For dinner I prepared a feast including featuring the fresh ingredients we have picked and purchased along the way. At a small butcher shop we bought 2 pork chops which I glazed with a little maple syrup and sea salt, and I topped them with a simple crab apple chutney I made featuring wild crab apples and a few feral granny smith apples we picked that afternoon. For a side dish I made my favorite kohlrabi hash browns (recipe in my cookbook) to which I added a pile of grated goat mozzarella cheese which turned them into cheesy crispy deliciousness. I was overjoyed to find out how much Canadians seem to love their kohlrabi as I found it in every market we shopped in. And this dinner featured the largest kohlrabi I had ever seen! And it was also the easiest to slice and it cooked up so nicely. I also wilted wild dandelion greens that I picked by a mountain creek that afternoon and cooked them in a little goat butter, sea salt, and a splash of red wine vinegar. Also featured on the plate was my grain-free super seed baguette bread (recipe in my cookbook) and a slab of goat milk butter. It was a delicious wild inspired feast!
Our dinner of pork chops, crab apple chutney, and wilted dandelion greens at the cabin
The next day we awoke to a misty mountain morning. I whipped up this simple yet super satisfying French Toast using up the remaining thimble berries we had picked the day before and ingredients I had in the cooler. Now that I have experienced this French toast with a honey creamed goat cheese “mascarpone-like” filling and sweet tart berries there is no going back to the boring old French toast I used enjoy!
Our breakfast at the cabin, my Super Seed Baguette made into Wild Thimble Berry French Toast
Wild Berry Stuffed French Toast
- 6 slices of grain-free or regular bread of your choosing (pictured above I have used the paleo tahini wonder bread and paleo super seed bread recipes from my cookbook)
- 2 pastured eggs
- 2 Tablespoons coconut milk (or almond milk)
- 2 teaspoons maple syrup
- 1 teaspoon vanilla extract, divided
- optional: 1/4 teaspoon almond extract
- optional: 1/2 teaspoon on cinnamon + pinch of fresh grated nutmeg
- 2 ounces goat cream cheese (4 Tablespoons)
- 1 heaping Tablespoon creamed honey (or other sweetener)
- drizzle of maple syrup for serving
- oil or bacon fat for cooking
- Heat a saute pan up over medium heat.

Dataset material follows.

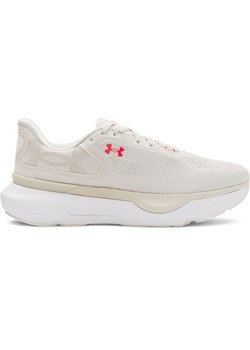 Męskie buty do biegania Under Armour UA Infinite Pro 2 - beżowe ze sklepu Sportstylestory.com w kategorii Buty sportowe męskie - zdjęcie 184779983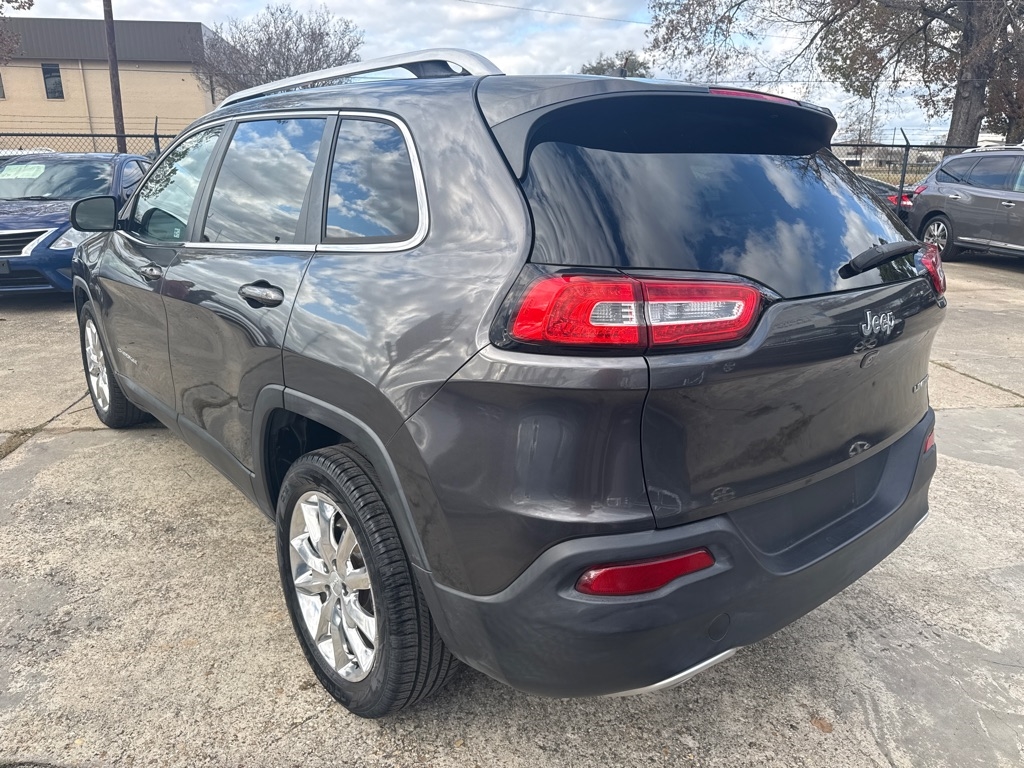 Jeep Cherokee FWD 4dr Limited 2014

Add in a little cooking oil/fat. (I usually start off by cooking the bacon in a 2nd saute pan and drain off a little of the bacon fat as needed into the pan I use for cooking the French toast.)
- Whisk together eggs, coconut milk, maple syrup, 1/2 teaspoon vanilla extract, (almond extract, cinnamon and nutmeg).
- Dredge each slice of bread into the egg mixture and fry for a few minutes on each side until lightly golden brown.
- While keeping my eye on the French toast, I whip together the goat cheese, honey and 1/2 teaspoon vanilla extract in a small dish. Whip by hand until smooth and creamy.
- Spread a spoonful of the sweetened goat cheese over each slice of cooked French Toast and then top with wild berries (pictured I used huckleberries and thimble berries), and repeat, stacking them as you go, for a total of 3 slices per serving.
- You can drizzle a little maple syrup over top or enjoy as is. I think the sweetened goat cheese adds enough sweetness that maple syrup is not needed, though what the heck, you just need to go “all out” sometimes, that’s what going vacation is all about, right!?